FORT WAYNE, Ind. (WANE) One day after a study committee recommended that the city build a downtown arena, businesses in and near the space where the arena would likely go are now questioning how they’ll be impacted.
NewsChannel 15 spoke to several people about the arena. Some are all for it, others said the money could be spent more wisely and many don’t have a strong opinion. The impacted businesses, however, said they’re not sure how they should feel because they don’t have much information.
“Everybody is asking us. Anybody who comes here to use the library, ‘well, what’s going to happen with this?’ We really don’t know. There’s not anything we can say officially because we’ve never been contacted officially,” Cheryl Ferverda said, Communication and Development Manager of Allen County Public Library. “Not any person on our staff, not any board member has been officially contacted, given any facts, figures, information, other than what WANE-TV told us.”
When the Allen County Public Library expanded in 2007, it gained access of the parking lot across the street to accommodate all of its visitors. Now that lot is a part of the designated area for the new arena. The library also has an underground parking garage and a smaller side lot with limited spaces.
“Even in the combination of the garage and that small parking lot, it’s not enough for the number of people we have. Plus, that parking lot also serves the Grand Wayne Center,” Ferverda said. “It isn’t that we’re adverse to sharing things, but when you don’t know what that means, there’s a big difference between sharing two spaces and 100 spaces. So, I don’t know, I don’t have any real options at this point because we don’t know.”
The parking lot is next to King Gyros, Rally’s and Taco Bell, all taking up the space where the arena would go.
Down the street, The Embassy Theatre said it wants to have a hand in the process and answering these unknowns like how programming will be affected.
Kelly Updike, Executive Director of the Embassy Theatre released the following statement to NewsChannel 15:
“The Embassy supports downtown development. Many years ago, the Embassy was the only bright light downtown. And the Embassy’s current renovations were spurred forward due to Parkview Field and Harrison Square development.
There are a lot of questions still to be answered. These include programming and we specifically want to be involved in this area. We have a lot of experience with this industry and we are successful in it.
Entertainment comes to a venue because of the business deal. To make money.

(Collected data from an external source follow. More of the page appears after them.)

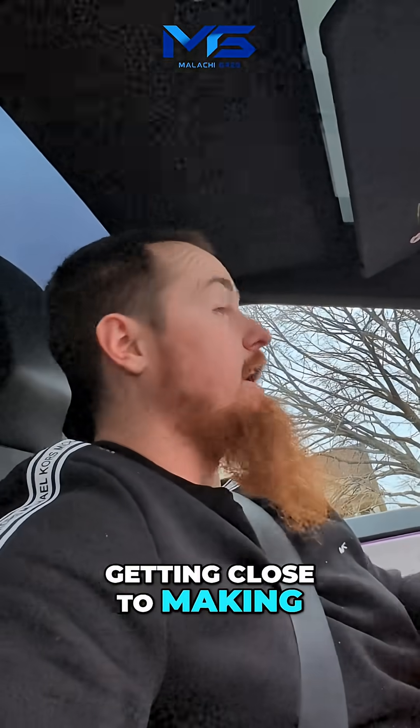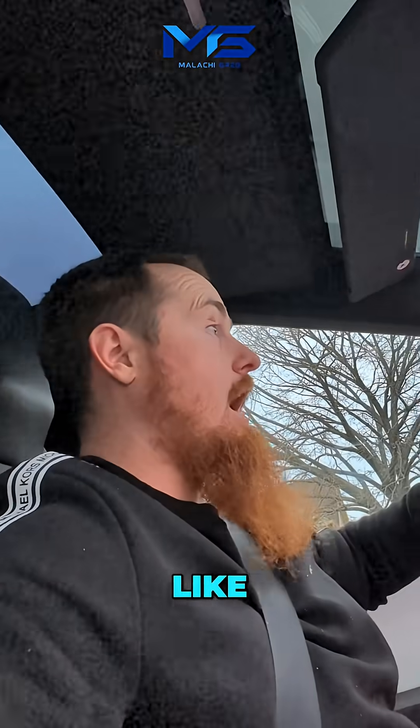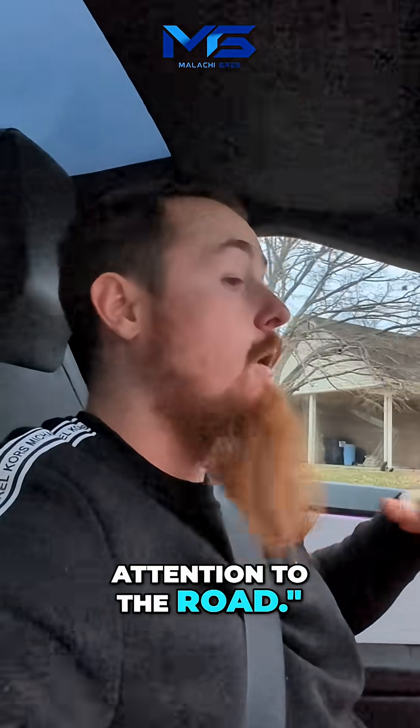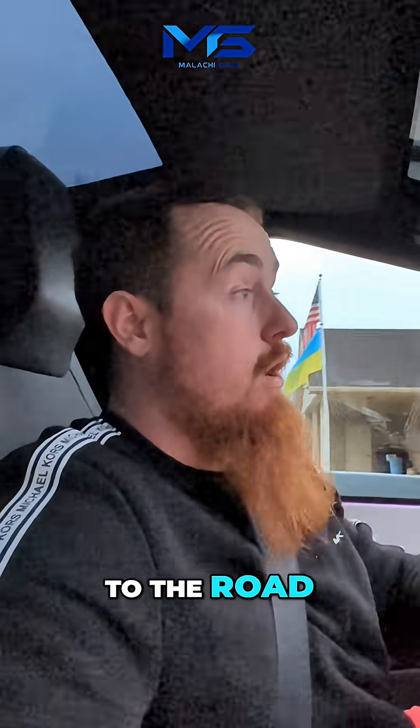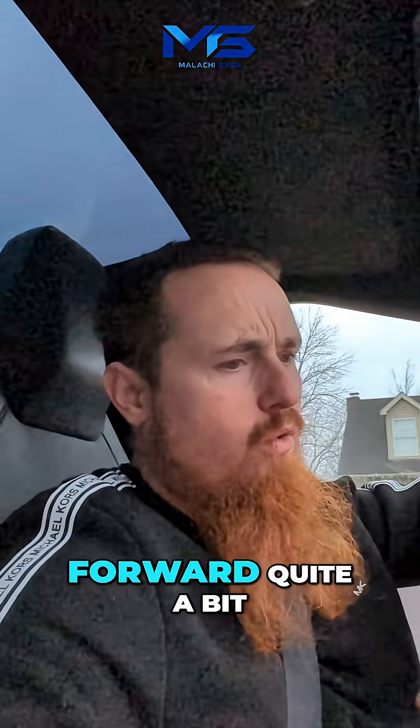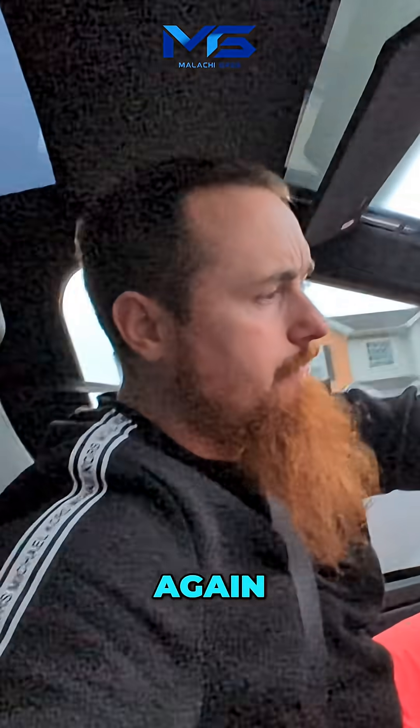They're basically saying it's so good that we're getting close to making it unsupervised. Before, if I had my phone in my hand, it would flag me and say, 'You need to pay attention to the road.' But now I barely paid attention to the road. I've been doing stuff on the screen, talking to you guys in this video. My eyes have been forward quite a bit, but it's just getting crazy.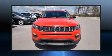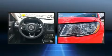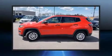Load your family into the 2020 Jeep Compass. Smooth gear shifts are achieved thanks to the 2.4-liter four-cylinder engine. And for added security, Dynamic Stability Control supplements the drivetrain.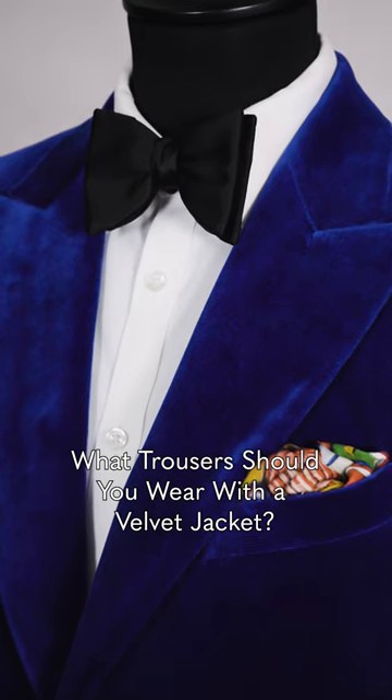So what trousers should you wear with your velvet jacket? If it's a black tie event, I would suggest wearing your black evening trousers, or for something a bit more flamboyant, maybe wear a tartan trouser.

The Embassy is a self-sustaining nonprofit and subsidized venues provide an uneven playing field for us. We can’t run a deficit. Subsidized venues are often offering no-rent deals or using highest-bidder strategies to buy the acts. We are constantly figuring out ways to compete and, as a national venue, we remain confident in our ability to do so successfully.
The Embassy is requesting that we continue to participate in the process moving forward. We can bring a lot of creativity to the table.”

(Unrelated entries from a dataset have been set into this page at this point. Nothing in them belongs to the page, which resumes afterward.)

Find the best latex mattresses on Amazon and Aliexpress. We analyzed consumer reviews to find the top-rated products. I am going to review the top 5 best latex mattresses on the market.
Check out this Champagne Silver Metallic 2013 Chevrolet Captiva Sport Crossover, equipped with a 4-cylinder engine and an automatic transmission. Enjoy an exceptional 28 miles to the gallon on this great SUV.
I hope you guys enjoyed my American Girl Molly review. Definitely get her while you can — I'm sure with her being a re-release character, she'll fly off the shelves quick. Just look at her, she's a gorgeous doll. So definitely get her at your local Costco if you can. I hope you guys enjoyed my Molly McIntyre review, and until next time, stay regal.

Just north, Randy Brown, General Manager of the Allen County War Memorial Coliseum said other new venues, in places like Evansville and Bloomington, Illinois are losing hundreds of thousands of dollars.
“When you look at the coliseum, we buck that trend,” Brown said. “The answer to that is volume.”
However, according to Brown, between 40 and 50 percent of events in the new arena will come from the Memorial Coliseum. Brown is hopeful that a safety net likely a funding source will help.
“It’s not about dividing the events up between the three venues. That wouldn’t be perceived as a win. So, if we can make sure that there’s a mechanism so that we’ve all successful together, that’s the best case scenario,” Brown said. “If it’s a critical mass for downtown, we understand that. But we also feel strongly that there has to be a safety net so that the new arena can financially be successful together and that’s really the key here.”
NewChannel 15 reached out to King Gyros, Rally’s and Taco Bell about the potential move. No one has commented. A spokesperson for the city said since leaders just recently received the recommendations Monday, it’s too soon to tell how businesses will be impacted.
Mayor Tom Henry and his staff will review the committee’s recommendations and meet with Allen County Commissioners. The design process will then move forward, along with selecting a firm and funding sources in the coming weeks. Once that’s complete, the process of determining land acquisition, financial resources and budgets, architectural work, leadership and oversight structure, and a detailed timeline could begin.